Halloween version Rob Zombie est sorti le 10 octobre sur le territoire français et après trois semaines d'exploitation, une constatation s'impose: la diffusion du film a été plus que restreinte, ayant été refoulée des réseaux UGC et MK2 (récemment partenaires de la toute nouvelle carte illimitée). Il est aujourd'hui uniquement projeté dans 49 salles.
Suite à une violente agression dans une des salles de l'UGC Rosny pendant la projection Saw 3, le phénomène de recul quant à la diffusion de films interdits aux moins de 16 et 18 ans, tend à se généraliser. Le genre horreur, souvent sous-estimé artistiquement, est aujourd'hui en péril. A ce rythme, le cinéma d'horreur ne bénéficiera que d'une ouverture rachitique dans les salles françaises. A l'aube de la sortie de Saw 4, Dvdrama propose de revenir sur ce phénomène de censure de distribution. Grande question du moment : Saw 4 sera-t-il interdit aux moins de 18 ans ?
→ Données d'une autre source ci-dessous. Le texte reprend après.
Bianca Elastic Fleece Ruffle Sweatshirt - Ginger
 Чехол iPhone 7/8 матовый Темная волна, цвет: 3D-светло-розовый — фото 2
Si on part du principe que le 3 l'a été, et que le concept de la série est de faire toujours plus cra-cra, il y a de fortes chances qu'il le soit. Du coup le scandale ne serait pas la médiocrité croissante des Saw mais qu'on aura bel et bien régressé à l'époque de la censure giscardienne. Pour mémoire : si le -de 18 ans, est réapparu, c'est dans une paradoxale nécéssité de liberté accordée aux réalisateurs : en 2001 Baise-moi est sorti en salles aux - de 16. Une association de défense des bonnes moeurs (Promouvoir pour ne pas la nommer) a trouvé le film scandaleux et s'en est plaint. Obtenant pour le film de Despentes, un X. Selon la loi définie par ce label : les diffuseurs et producteurs des films classés comme tel voient leurs recettes imposées par une TVA spéciale ultra lourde (eh oui, le X a surtout été conçu comme une manière de rapporter des sous dans les caisses de l'état que pour censurer le porno, qui fleurissait dans les salles "classiques" dans les 70's) mais surtout ne peut être diffusé que dans un circuit de salles spécialisées. Qui n'existe plus (ou presque, une seule salle en France est encore en activité : le Beverly, à Paris, pas loin... des écrans familiaux du Rex !).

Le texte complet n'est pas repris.